EXERCISE AIM –
Beneath this instruction is a block of data; output from it exactly the lines that run from the one containing "Cute puppy with" through the one containing "Spécialiste en reprogrammation", inclusive.

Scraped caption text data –
##############################
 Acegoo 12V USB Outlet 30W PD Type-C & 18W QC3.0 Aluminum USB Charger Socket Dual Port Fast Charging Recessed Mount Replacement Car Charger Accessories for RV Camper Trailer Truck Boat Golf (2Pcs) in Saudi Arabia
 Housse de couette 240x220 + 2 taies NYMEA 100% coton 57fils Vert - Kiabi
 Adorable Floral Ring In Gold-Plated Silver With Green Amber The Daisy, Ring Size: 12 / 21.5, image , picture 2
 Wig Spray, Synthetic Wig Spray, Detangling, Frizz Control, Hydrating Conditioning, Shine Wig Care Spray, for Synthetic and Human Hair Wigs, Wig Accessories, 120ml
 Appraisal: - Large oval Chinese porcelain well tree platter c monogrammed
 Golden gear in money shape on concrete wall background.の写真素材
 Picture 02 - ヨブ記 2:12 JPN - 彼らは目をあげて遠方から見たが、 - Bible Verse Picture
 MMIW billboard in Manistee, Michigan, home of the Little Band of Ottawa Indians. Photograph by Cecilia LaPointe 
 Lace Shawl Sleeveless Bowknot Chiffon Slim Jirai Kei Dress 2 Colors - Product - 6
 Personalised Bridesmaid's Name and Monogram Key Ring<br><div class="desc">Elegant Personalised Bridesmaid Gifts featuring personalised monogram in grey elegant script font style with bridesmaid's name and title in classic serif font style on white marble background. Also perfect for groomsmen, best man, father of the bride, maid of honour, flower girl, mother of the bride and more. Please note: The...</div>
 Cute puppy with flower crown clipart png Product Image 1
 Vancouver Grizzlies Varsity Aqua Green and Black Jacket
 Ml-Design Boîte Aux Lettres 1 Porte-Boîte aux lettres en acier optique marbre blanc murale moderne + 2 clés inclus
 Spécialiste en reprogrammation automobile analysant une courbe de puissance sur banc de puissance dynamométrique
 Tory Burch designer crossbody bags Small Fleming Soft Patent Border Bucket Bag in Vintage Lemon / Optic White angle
##############################
RESULT OF THIS TASK –
 Cute puppy with flower crown clipart png Product Image 1
 Vancouver Grizzlies Varsity Aqua Green and Black Jacket
 Ml-Design Boîte Aux Lettres 1 Porte-Boîte aux lettres en acier optique marbre blanc murale moderne + 2 clés inclus
 Spécialiste en reprogrammation automobile analysant une courbe de puissance sur banc de puissance dynamométrique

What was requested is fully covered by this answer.